However, Justice Ongaya said consolidation of the cases was not possible in circumstances where the current petition had already been conclusively determined.
“The instant petition was determined by the ruling delivered on May 29, 2025. The petition having been conclusively determined, it appears to the court that it would be misconceived for the applicant to seek consolidation with pending cases. Nothing is left of the instant petition to justify consolidation with the matters said to be pending before the court,” said Justice Ongaya.
He added that there were no conflicting or contradictory orders from the court regarding SHA recruitment. He said the orders in the instant case reinforced previous ones.
He also found that no staff of the defunct NHIF had been prejudiced within the implementation of the transitional provisions.

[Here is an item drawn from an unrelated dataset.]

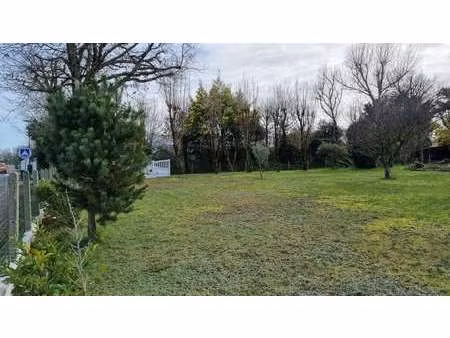 vente terrain au fenouiller (85800) : à vendre / le fenouiller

The judge said the correct position was that NHIF employees were entitled to serve as temporary staff of SHA until their employment status is determined through a lawful transition process.
“All staff of the defunct NHIF remain in the service of the applicant until the applicant undertakes and concludes the said competitive recruitment process.
"Similarly, service delivery for the applicant will not be prejudiced during the transition because all staff of the defunct NHIF are available to serve until competitively recruited and appointed staff are in place. It should otherwise be obvious that the staff purportedly recruited pursuant to the internal advertisement cannot rely on the illegal and unconstitutional process to justify the illegitimate recruitment and appointments,” said the judge.
He stated that any difficulty arising from the ruling could be addressed through an appropriate application for variation.